They say to write like everyone you know is dead. Here is a story that might get me killed.
As we drove down the highway, climbing higher into the mountains, the white crests and winterkilled grass of the high plains showed little sign of letting go of the last sheen of winter. She sat in the passenger seat with her bare feet propped up on the dash. We made chit chat, but sometimes it felt strained. The last three years had been hard with this one. My first relationship since my divorce and it had been a rollercoaster of starts and stops. Even now I had asked her out in spite of a two week silence from the last time we had seen each other. Another rocky false start. Two weeks ago, I had stood overlooking a valley. I had set out at 5am to hike to Hanging Lake near Glenwood Springs after having just written a letter to her.

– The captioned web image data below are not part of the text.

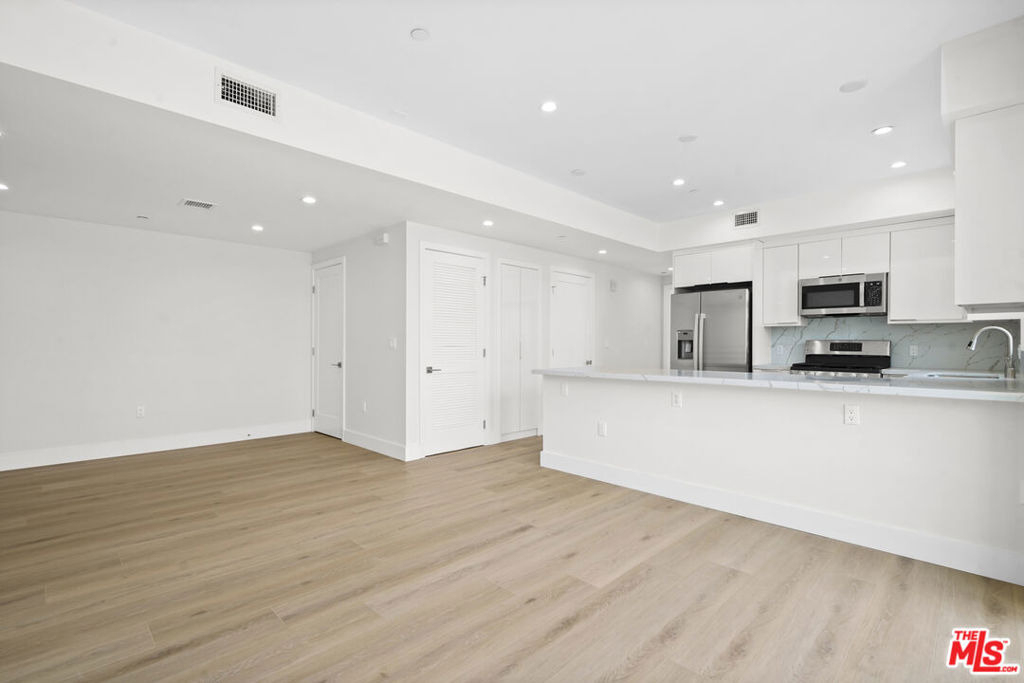 11042 La Maida Street - Photo 3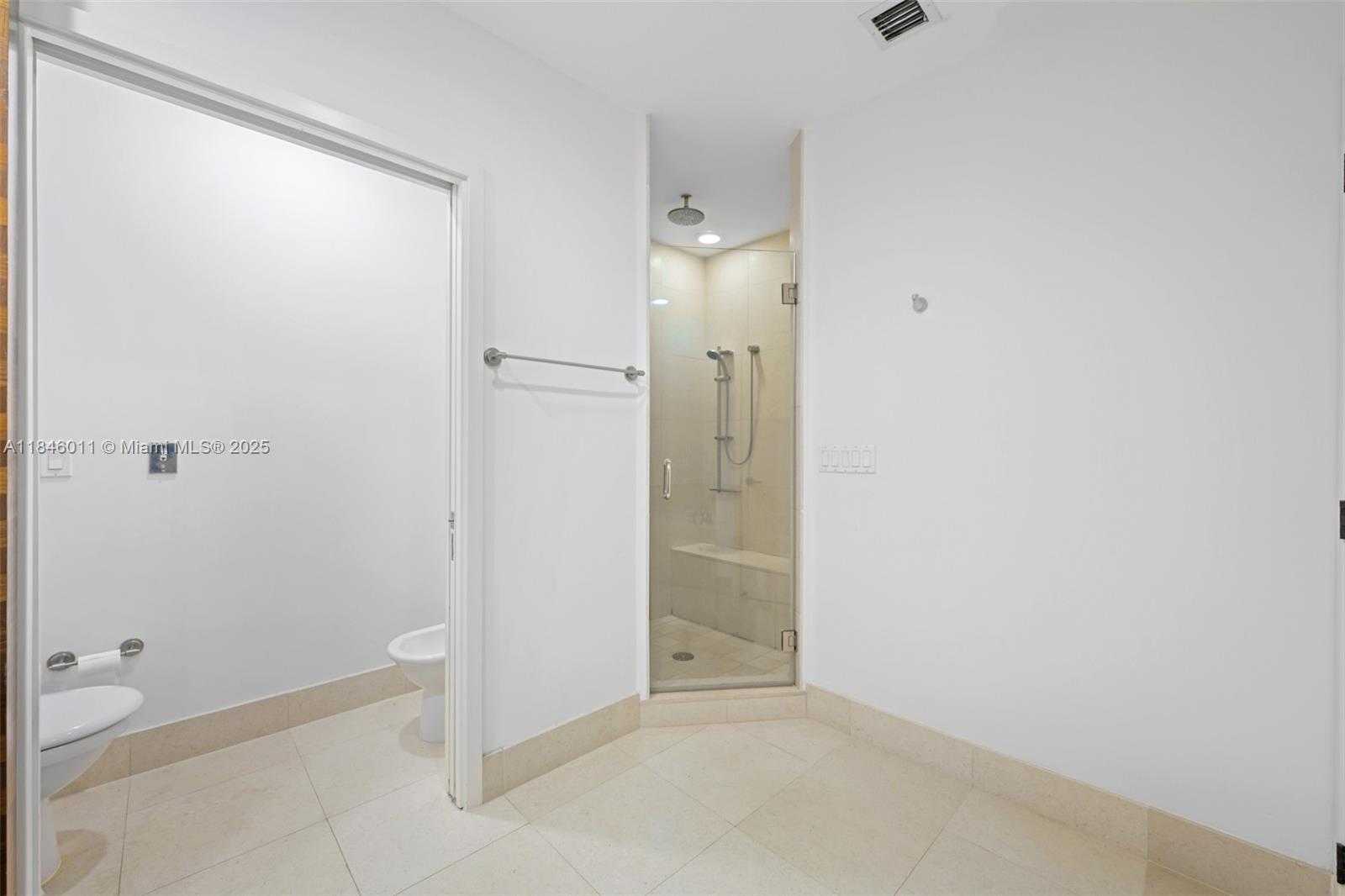 Small Image of 6799 SOUTH COLLINS AVE #109, Miami Beach Number 18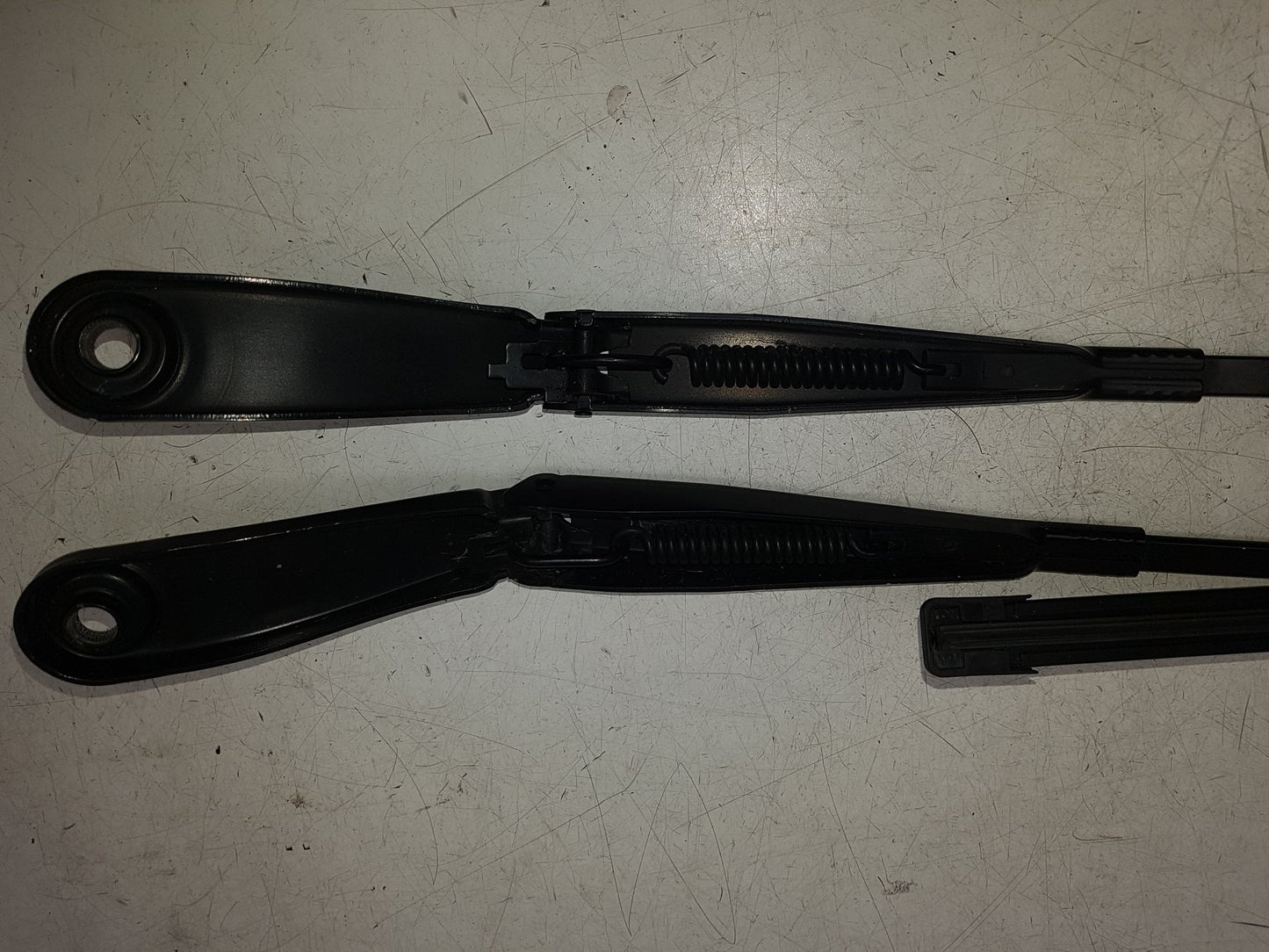 2013 - 2019 Volvo V40 III 525 Hatchback FRONT WIPER ARMS (PAIR) 31276063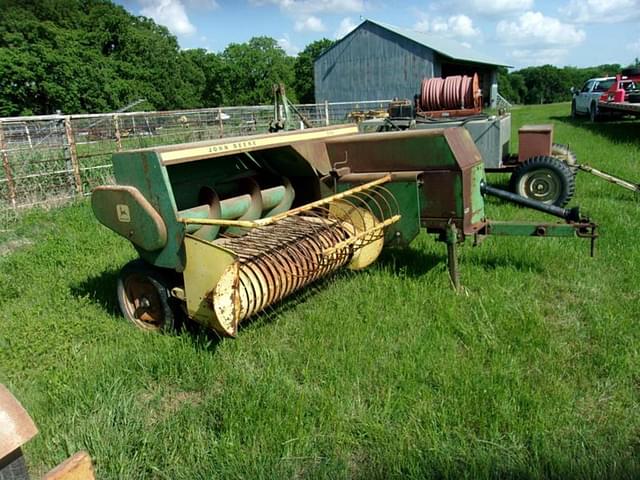 Image of John Deere 336 equipment image 2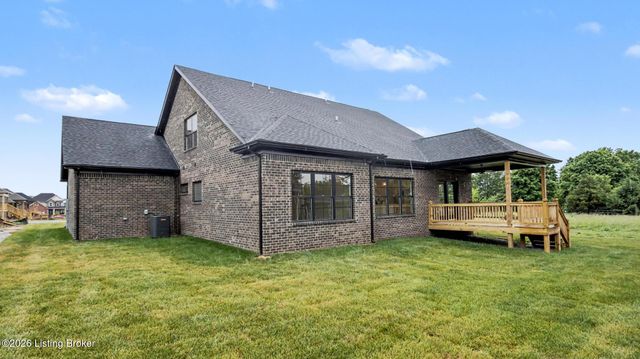 7902 Wagon Trail Ct, Louisville, KY 40291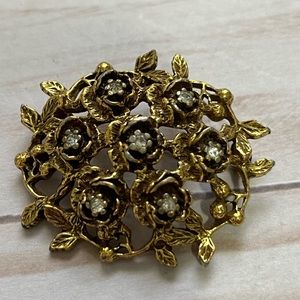 Vintage Goldette NY Charm Oval Vintage Figural Costume Pin Brooch **Signed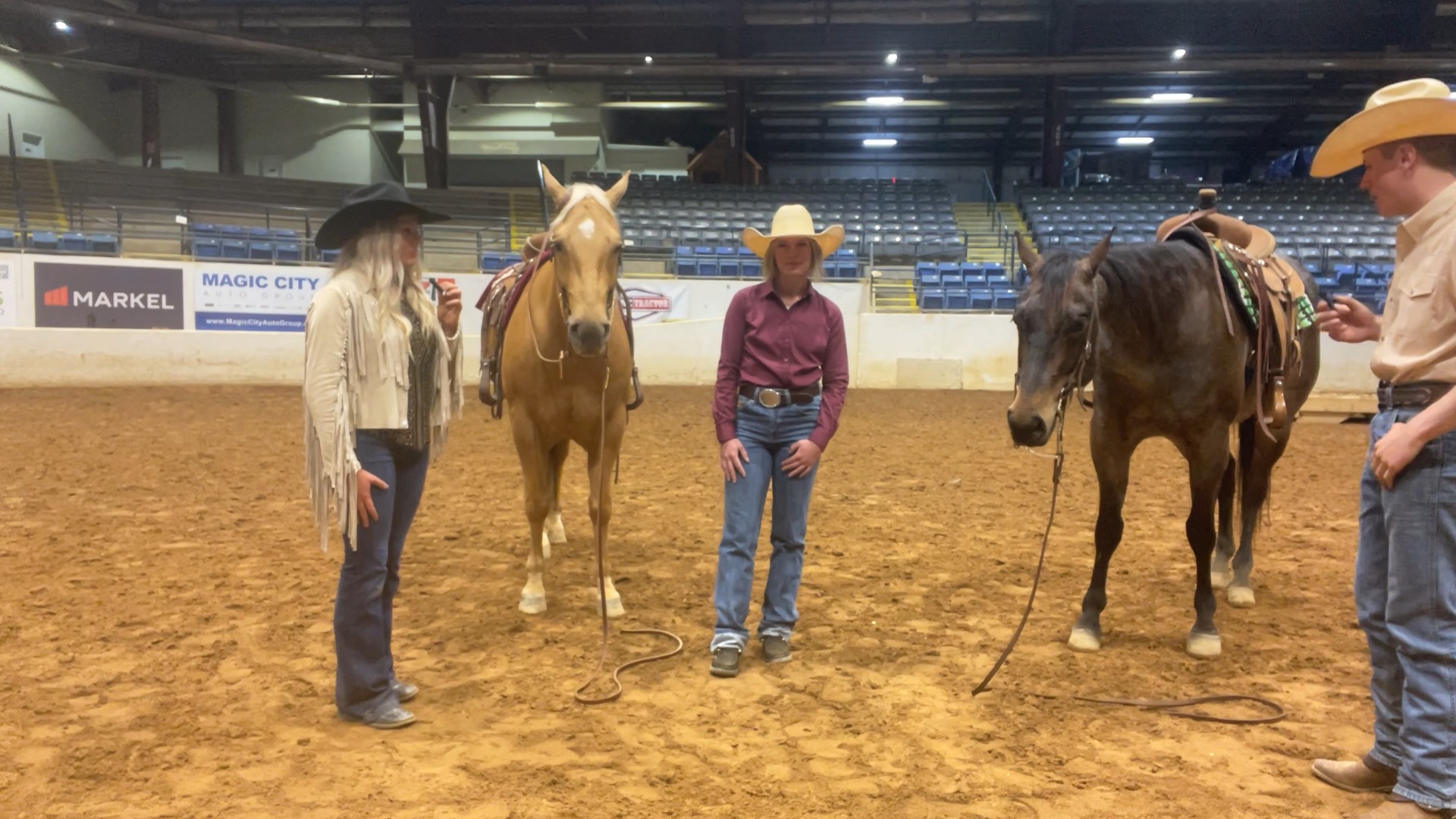 Trace Hentschel brings us two nice geldings, DM Boondoc Lenas (Hip #39 ...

Me and my fucking letters.
I’m a writer. I use my words when the storms of my heart threaten to swallow me whole. The letter talked about everything I thought was wrong. How my needs weren’t being met by this push and pull. That morning as I stood on the ice, looking out at a bank of rainclouds that were about to drop in, turning the whole trail into a luge circuit, for a brief second, my thoughts went to her. My legs went out from under me and I busted my ass on the ice. I spent the rest of the day in a hot springs, talking to strangers about my life and they shared their stories too. That evening I drove back, racing a storm and she called me.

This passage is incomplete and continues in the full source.